Valuation of Contingent Lease Liabilities of a Serviced Office Provider
October 11, 2021DownloadsDownload Case Study
FTI Consulting advised the unsecured creditor committee (“UCC”) of a shared office leasing company (“the Company”) which underwent a restructuring in 2020 during the COVID-19 pandemic.
The Company, the North American subsidiary of a global serviced office space, filled for bankruptcy in 2020. It had made cash distributions from two of its subsidiaries in 2019 and earlier in 2020 that were now questioned as part of the restructuring process.
The Company had originally hired external advisors to value the subsidiaries and argued they were solvent at the time of the distributions. Part of the subsidiaries’ liabilities included lease guarantees and co-obligor liabilities on account of transferred leases (together the “Contingent Lease Liabilities”).

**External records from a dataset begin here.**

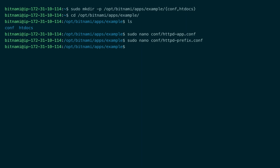The httpd-prefix file includes the httpd app file, but we still need to include the httpd-prefix file of our application in the main httpd-prefix file. You can find that here.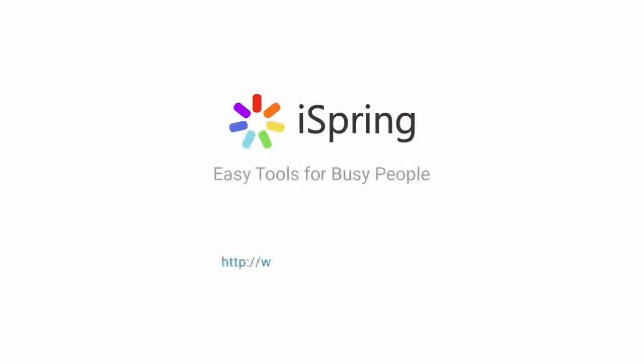Did you like this video? Give it a like and subscribe to the iSpring YouTube channel for more updates.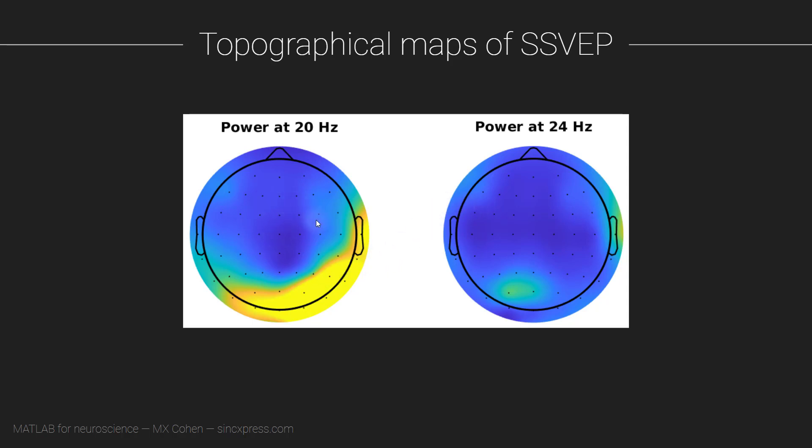The main new aspect in this video is figuring out how to use indexing in order to isolate from the spectrum only these two frequencies, because we're not plotting the entire spectrum. We're only plotting the power at 20 Hertz in this plot and 24 Hertz in this topo plot.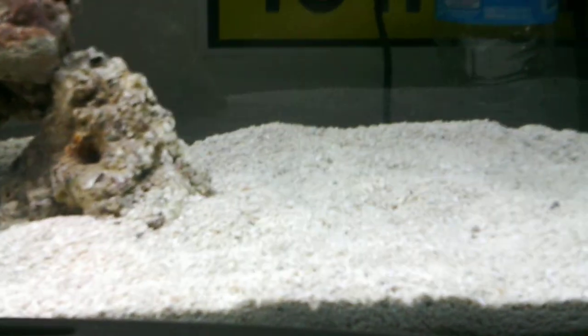I'm still going to get a powerhead for this thing so it circulates the water just a bit better, but as of right now it's doing pretty good and everything in this tank still looks good.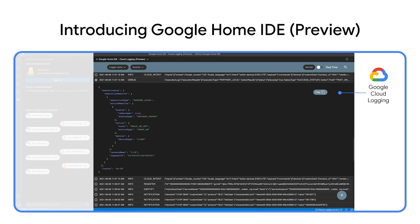It also supports real-time logging, which makes testing even easier, since you can just send an utterance with Assistant Simulator and see cloud logging in one place.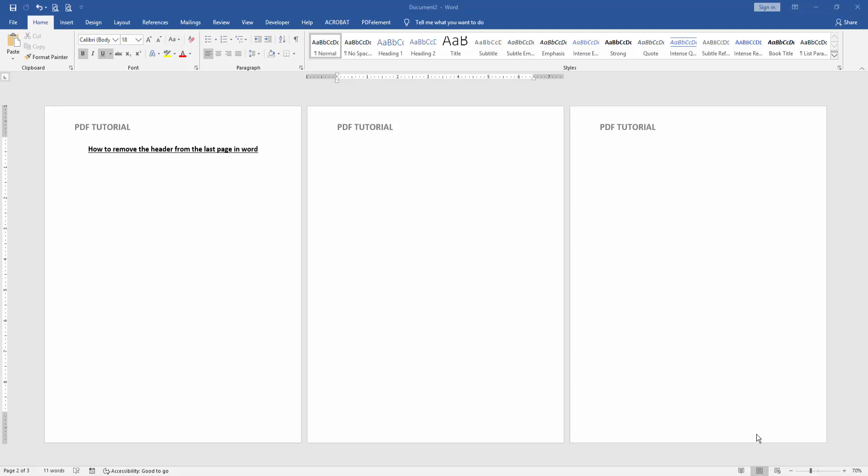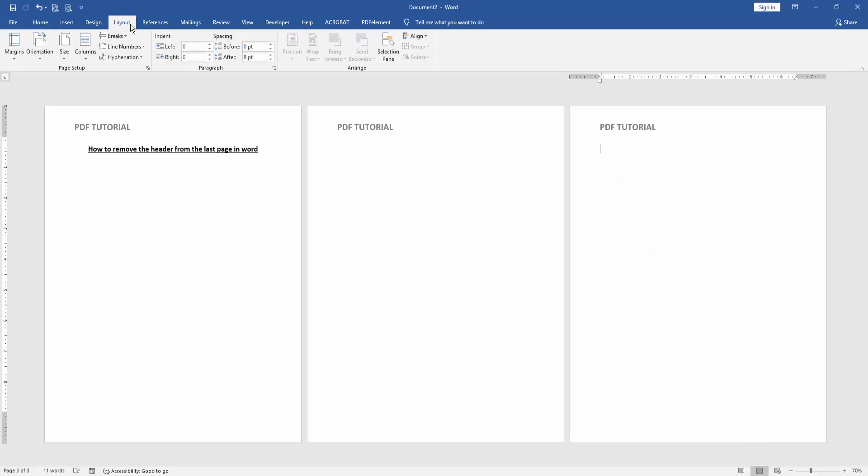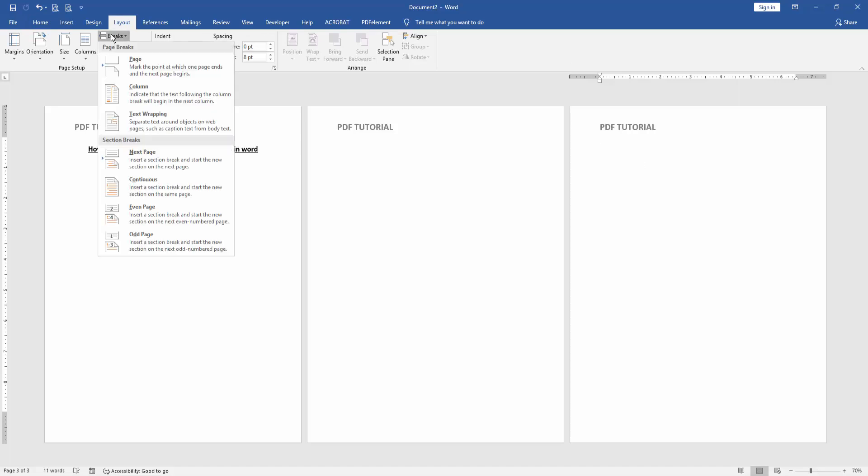At first, we have to open a Word document and add some text and a header. Now we want to remove the header from the last page. Go to the last page, go to the Layout menu, then click the Breaks drop-down menu, then choose Next Page.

FTI Consulting was hired to value the subsidiaries, with a focus on the Contingent Lease Liabilities, to ascertain solvency at the time of the distributions.
The FTI Consulting team reviewed the subsidiaries’ valuations and the methodologies used for valuing the Contingent Lease Liabilities. We noted several deficiencies, including:
- historical estimates of default probabilities (backward-looking) that underestimated the default risk from events like COVID-19.
- probabilities of default that were based on global corporates as opposed to real estate companies that did not adequately capture the idiosyncratic risks of the serviced office business.
We addressed the deficiencies of the earlier valuations by:
- using default probabilities that were derived from the credit derivatives market (market-based forward-looking).
- defining baskets of comparable real-estate companies to the serviced office sector.
FTI Consulting also tested the robustness of its valuation by conducting sensitivity analysis to estimate a range of values under various assumptions.
Using the updated values for the Contingent Lease Liabilities and other balance sheet adjustments, FTI Consulting valued the subsidiaries at each distribution.
- The team found the earlier valuations were incorrect and the subsidiaries were insolvent at the time of the distributions.
- Our results were presented to counsel and the UCC of the Company and as part of a legal petition against the Company.
- The team’s analysis was used by Counsel and the UCC as an essential component of their strategy during the bankruptcy and to support potential subsequent litigation.